Clang and GCC, when allowed to optimize using BMI instructions, will condense gen_mask() to just two ops. With supporting hardware, be sure to add compiler flags for BMI instructions:
-mbmi -mbmi2
#include <inttypes.h>
#include <stdio.h>
uint64_t gen_mask(const uint_fast8_t msb) {
const uint64_t src = (uint64_t)1 << msb;
return (src - 1) ^ src;
}
int main() {
uint_fast8_t msb;
for (msb = 0; msb < 64; ++msb) {
printf("%016" PRIx64 "\n", gen_mask(msb));
}
return 0;
}
First, for those who only want the code to create the mask:
uint64_t bits = 6;
uint64_t mask = ((uint64_t)1 << bits) - 1;
# Results in 0b111111 (or 0x03F)
Thanks to #Benni who asked about using bits = 64. If you need the code to support this value as well, you can use:
uint64_t bits = 6;
uint64_t mask = (bits < 64)
? ((uint64_t)1 << bits) - 1
: (uint64_t)0 - 1
For those who want to know what a mask is:
A mask is usually a name for value that we use to manipulate other values using bitwise operations such as AND, OR, XOR, etc.
Short masks are usually represented in binary, where we can explicitly see all the bits that are set to 1.
Longer masks are usually represented in hexadecimal, that is really easy to read once you get a hold of it.
You can read more about bitwise operations in C here.
I believe your first example should be 0x3f.
0x3f is hexadecimal notation for the number 63 which is 111111 in binary, so that last 6 bits (the least significant 6 bits) are set to 1.
The following little C program will calculate the correct mask:
#include <stdarg.h>
#include <stdio.h>
int mask_for_n_bits(int n)
{
int mask = 0;
for (int i = 0; i < n; ++i)
mask |= 1 << i;
return mask;
}
int main (int argc, char const *argv[])
{
printf("6: 0x%x\n17: 0x%x\n", mask_for_n_bits(6), mask_for_n_bits(17));
return 0;
}
0x2F is 0010 1111 in binary - this should be 0x3f, which is 0011 1111 in binary and which has the 6 least-significant bits set.

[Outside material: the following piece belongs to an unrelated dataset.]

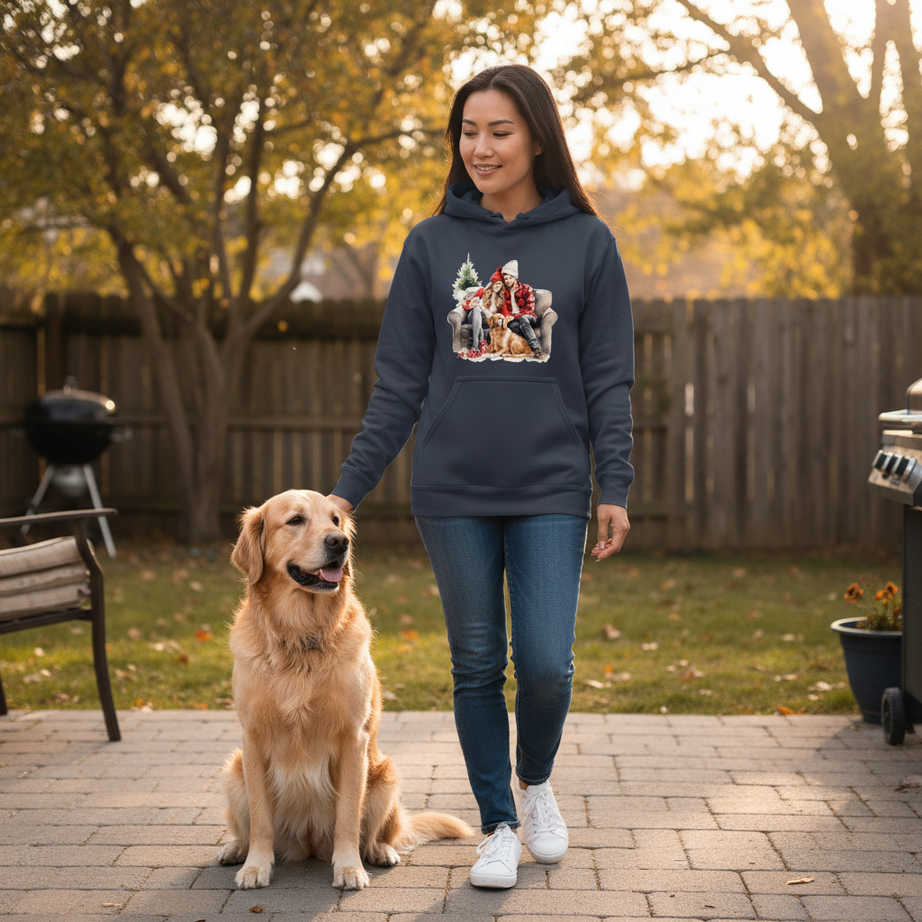 Golden Love Hoodie - Cozy Couple & Golden Retriever Sweatshirt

Similarly, 0x1FFFF is 0001 1111 1111 1111 1111 in binary, which has the 17 least-significant bits set.
A "mask" is a value that is intended to be combined with another value using a bitwise operator like &, | or ^ to individually set, unset, flip or leave unchanged the bits in that other value.
For example, if you combine the mask 0x2F with some value n using the & operator, the result will have zeroes in all but the 6 least significant bits, and those 6 bits will be copied unchanged from the value n.
In the case of an & mask, a binary 0 in the mask means "unconditionally set the result bit to 0" and a 1 means "set the result bit to the input value bit". For an | mask, an 0 in the mask sets the result bit to the input bit and a 1 unconditionally sets the result bit to 1, and for an ^ mask, an 0 sets the result bit to the input bit and a 1 sets the result bit to the complement of the input bit.